Content starts

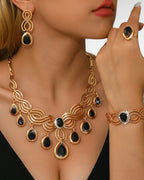 Gold-Tone Geometric Jewelry Set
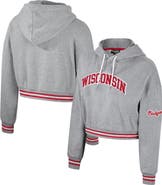 THE WILD COLLECTIVE Women's The Wild Collective Heather Gray Wisconsin Badgers Cropped Shimmer Pullover Hoodie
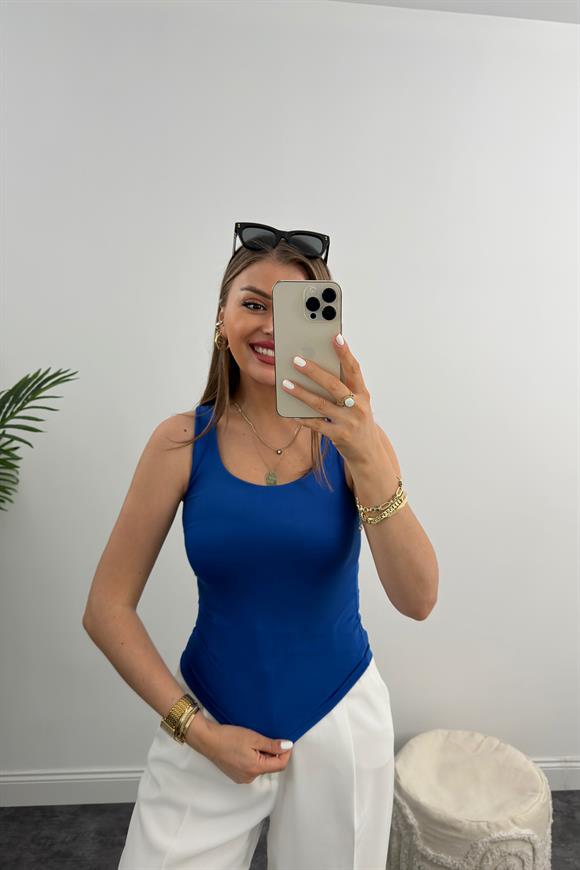 Double Kumaş Toparlayıcı Atlet Tam Boy Mavi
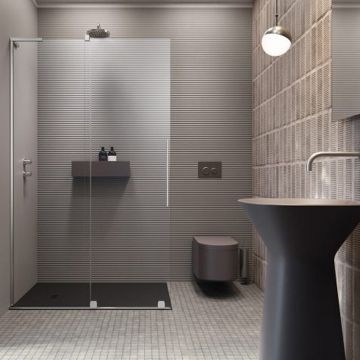 Paravan de dus tip Walk-in Radaway Furo SL crom-transparent 120 cm sticla securizata 8 mm stanga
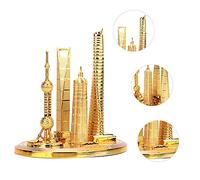 TARSHYRY Tower Ispirato Modello in Miniatura in Bronzo Vintage Modello Globale Decorazioni Souvenir per Le Collezioni a Tema Finanza degli Spazi Domestici Design Compatto (Golden - Piccolo)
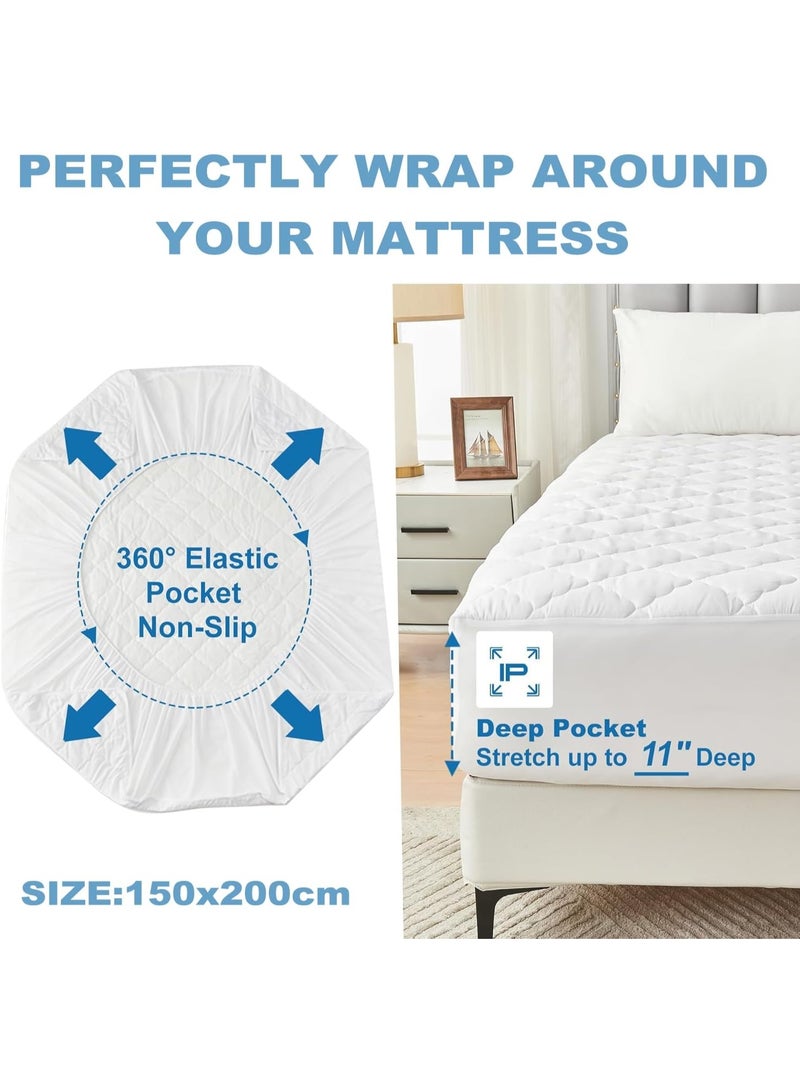 BananaHome Mattress Pad Waterproof Full Size Mattress Protector Breathable Soft, Noiseless Quilted Fitted Mattress Cover Fits up to 30cm Deep Elastic Fitted Mattress Topper (White, 200x200cm) - Image 2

Content ends

▸ **Task statement**:
Nothing in the entries above should change when they are printed again, except that the pictures are dropped.

▸ **Task answer**:
 Gold-Tone Geometric Jewelry Set
 THE WILD COLLECTIVE Women's The Wild Collective Heather Gray Wisconsin Badgers Cropped Shimmer Pullover Hoodie
 Double Kumaş Toparlayıcı Atlet Tam Boy Mavi
 Paravan de dus tip Walk-in Radaway Furo SL crom-transparent 120 cm sticla securizata 8 mm stanga
 TARSHYRY Tower Ispirato Modello in Miniatura in Bronzo Vintage Modello Globale Decorazioni Souvenir per Le Collezioni a Tema Finanza degli Spazi Domestici Design Compatto (Golden - Piccolo)
 BananaHome Mattress Pad Waterproof Full Size Mattress Protector Breathable Soft, Noiseless Quilted Fitted Mattress Cover Fits up to 30cm Deep Elastic Fitted Mattress Topper (White, 200x200cm) - Image 2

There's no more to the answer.